May 31, 2016, MotoGarage

Motorcyclists pick up riding for different reasons and MotoGarage identified 14 reasons which definitely would relate to our reasons to ride. Do you agree with these?


Anything that gets your blood racing is probably worth doing. For many bikers riding a motorcycle is not a hobby or need, it’s Passion. All they want in life is to travel to every corner of the world on their motorcycle. There is a deep fire in their belly for riding which will make them achieve impossible miles, paths & terrains. Bikers will not mind devoting a good amount of time and income for their motorcycles. In the hierarchy of needs, for them it’s motorcycling that stays on the top. Passion when turned into profession gives birth to champions like Joey Dunlop, John McGuinness, Giacomo Agostini, Valentino Rossi, Stephane Peterhansel, C.S. Santosh and several other world class champions. Such passion influence billions around the world creating impressions of a lifetime.


Riding a motorcycle gives you a sense of freedom. You are in total control of the moment, you are not just riding, you are flying and there are no set limits to stop you. You can travel to any place with complete freedom. It lets you be you without anyone’s permission. Just like a kid who was always restricted to his space but as soon as he gets on his bicycle, it’s the moment of freedom, he now breaks those chains and flies through the street on his bicycle with the widest smile on his face. It might sound like a cliche but it’s true, when on your bike you experience the open air with the wind brushing through your face, all the colors around is vivid and vibrant.

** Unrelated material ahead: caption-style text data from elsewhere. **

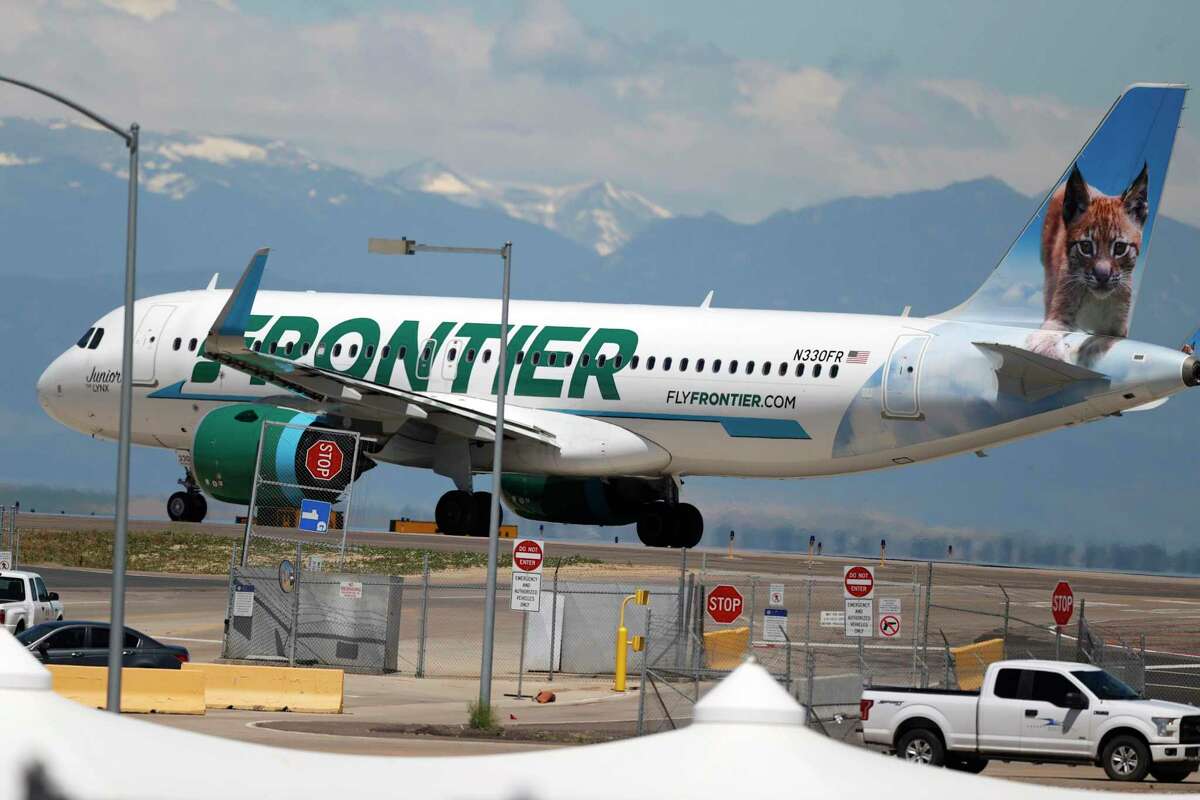 FILE - In this June 10, 2020 file photo, a Frontier Airlines jet heads down a runway for take off from Denver International Airport as travelers deal with the effects of the new coronavirus in Denver. Frontier Airlines says its hopes to gross about $630 million by selling some of its stock to the public. The discount airline said in a regulatory filing Tuesday, March 23, 2021, that it expects to sell 30 million shares at between $19 and $21 per share. (AP Photo/David Zalubowski, File)
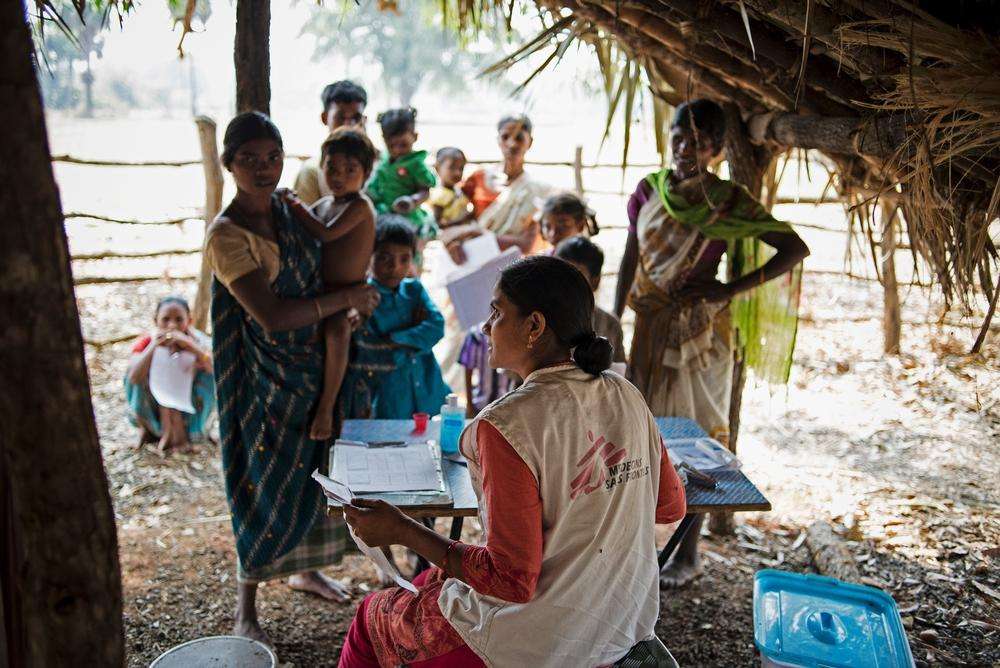An MSF staff member consulting with patients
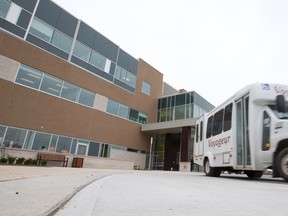 A bus pulls away from Parkwood Institute?s mental health building after moving some of the 150 patients from the Highbury Ave. site. (CRAIG GLOVER, The London Free Press)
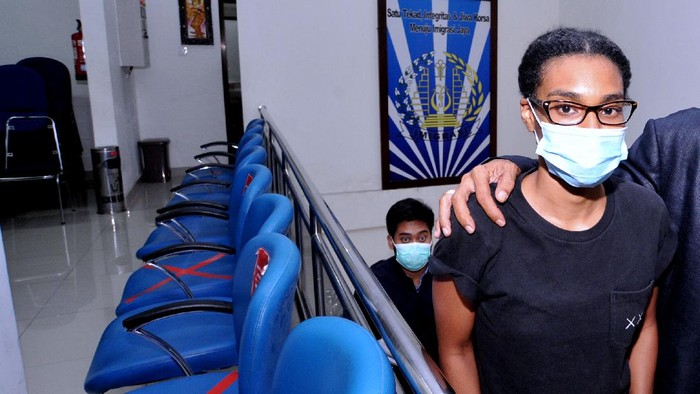 Petugas Imigrasi mengawal warga negara Amerika Serikat Saundra Michelle Alexander (kanan) yang merupakan rekan dari Kristen Antoinette Gray saat akan menuju ke Bandara Internasional I Gusti Ngurah Rai di Kantor Imigrasi Kelas I TPI Denpasar, Bali, Rabu (20/1/2021). Kristen Gray yang cuitannya viral di akun Twitter @kristentootie berupa ajakan bagi orang asing untuk pindah ke Bali pada masa pandemi COVID-19 dan diduga telah menyebarkan informasi lain yang dianggap dapat meresahkan masyarakat dideportasi bersama Saundra Michelle ke Amerika Serikat karena diduga melanggar pasal 75 ayat 1 Undang-undang Nomor 6 Tahun 2011 tentang Keimigrasian. ANTARA FOTO/Fikri Yusuf/wsj.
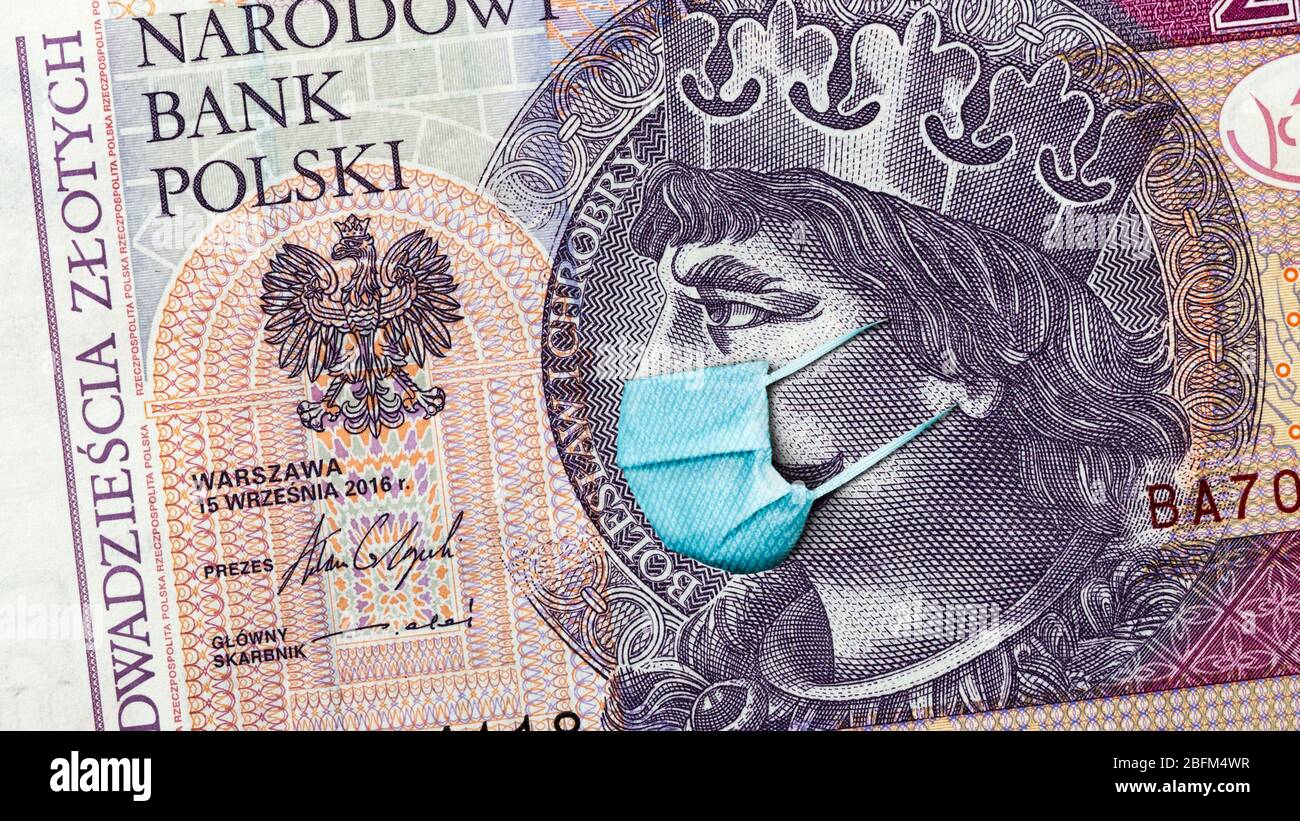 Coronavirus in Poland. Quarantine and global recession. 20 Polish zloty banknote with face mask against infection. Global economy hit by covid19. Stock Photo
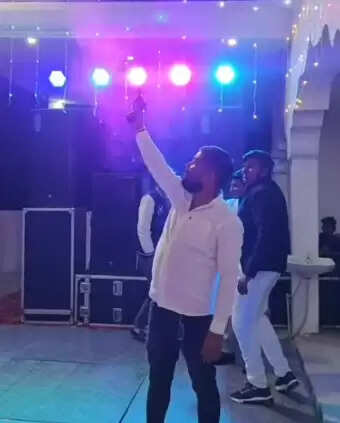   celebratory firing video chandauli  BDC member firing viral video  police investigation celebratory firing UP  wedding firing incident chandauli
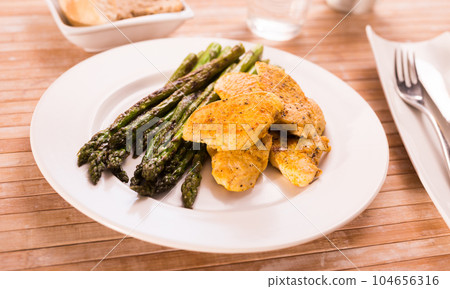 dietary meal rich in protein. Stir fried chicken breast and green asparagus dietary meal rich in protein. Stir fried chicken breast and green asparagus 104656316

The sound of the motor and the vibration which you feel. The obscured view going on around you. It’s an embracement of senses and acts as oxygen to your soul. We just love it, the sheer enjoyment of being on a motorcycle.


For most of the riders its speed and thrill that keeps them on their motorcycles. Motorcycles are legal drugs that make you high and take you into a transcendent state of nirvana. The high of power and the acceleration they get at the flick of their wrist is something that they look for and can’t keep themselves away from. The thrill of clocking high speeds on their odo after hitting the rev limiter beyond its limit on each shift is something they are addicted to, which gives the best adrenalin rush a motorcyclist can ever ask for. It’s a good addiction and a good high provided they ride on safe paths or tracks with all the protective gears on.


Motorcycling is one thing that keeps friends together and it will till the end of times. Everybody taking out time from their schedule and then going out for a ride is something that you will see only in the motorcycling community. The bond of friendship grows deeper when it is associated to a motorcycle. Be it a breakfast ride, a night ride or a long road trip, they are always up for it.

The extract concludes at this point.